### [Exercise goal]
Once the line with "22150 North Rustic" is found, write it out along with every line after it, exactly, up to the last line of the entries below. Exclude pictures.

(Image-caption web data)
::::::::::
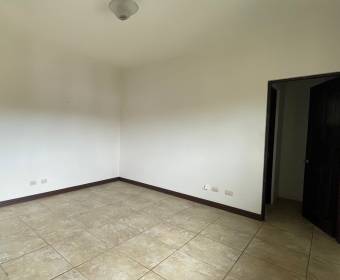 Casa a la venta en el condominio Cerro Colón. Bien adjudicado bancario.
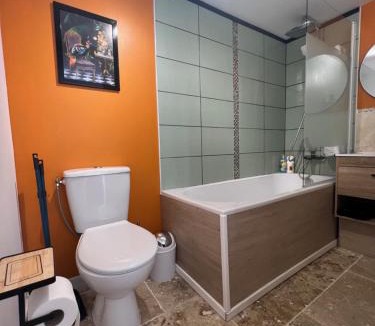 Exideuil House | Le Douillet - The Snug-Couples Retreat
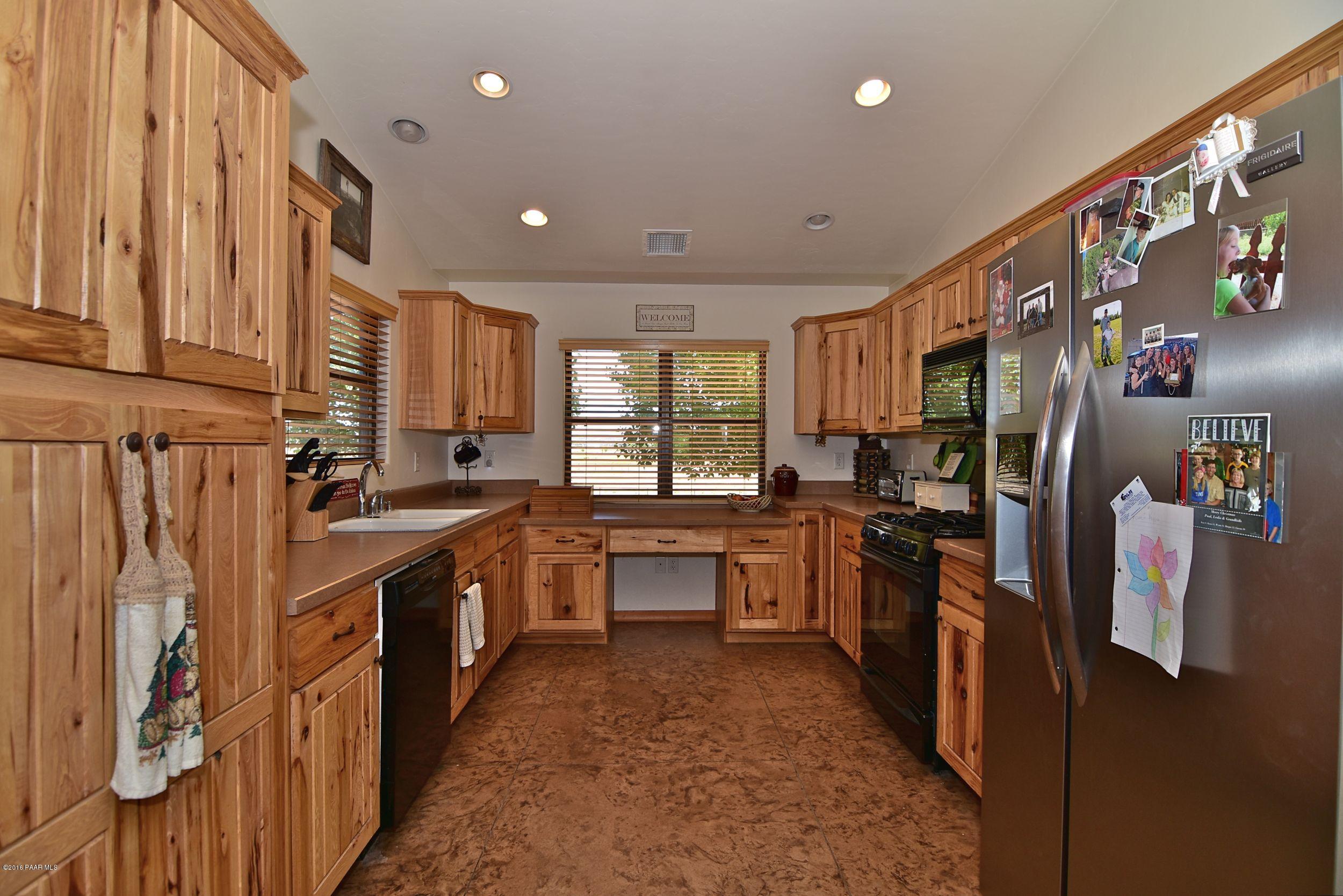 22150 North Rustic Ranch Road Paulden, AZ 86334 - Photo 11 of 33 Kitchen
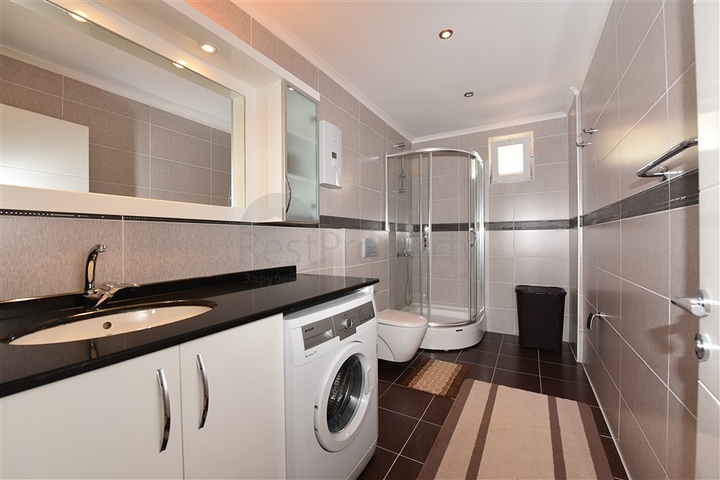 Просторная квартира 2+1 на аренду в европейском районе Алании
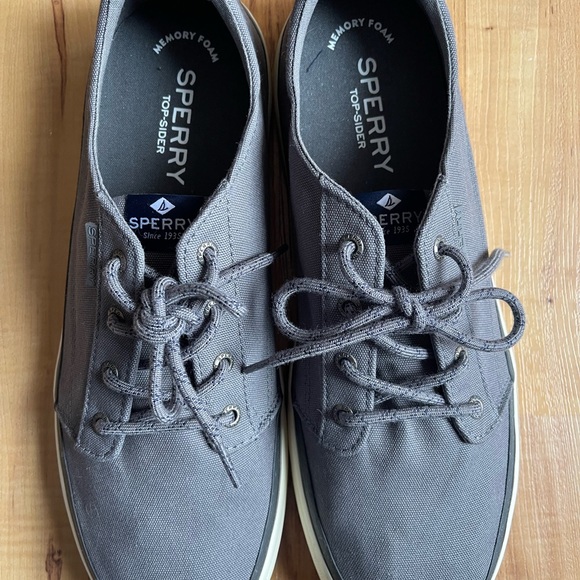 Sperry Men’s Canvass Sneakers Size 11.5 - Picture 2 of 6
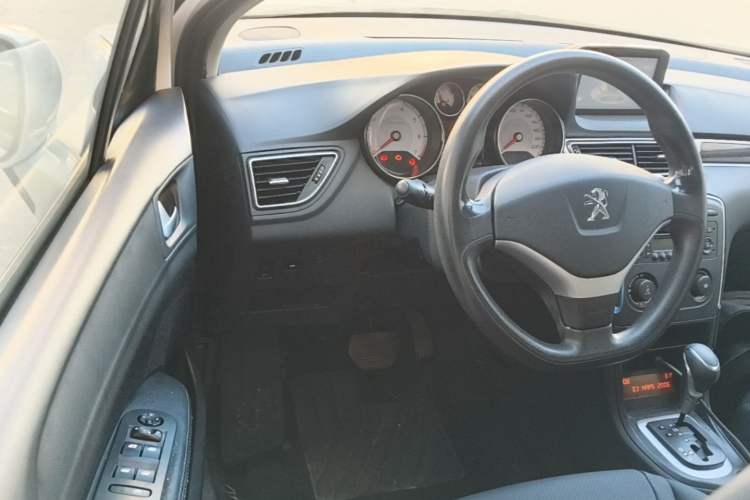 Used Peugeot 308 2013 1.6L Automatic YouShang Model Driver Seat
::::::::::
### [Written solution]
 22150 North Rustic Ranch Road Paulden, AZ 86334 - Photo 11 of 33 Kitchen
 Просторная квартира 2+1 на аренду в европейском районе Алании
 Sperry Men’s Canvass Sneakers Size 11.5 - Picture 2 of 6
 Used Peugeot 308 2013 1.6L Automatic YouShang Model Driver Seat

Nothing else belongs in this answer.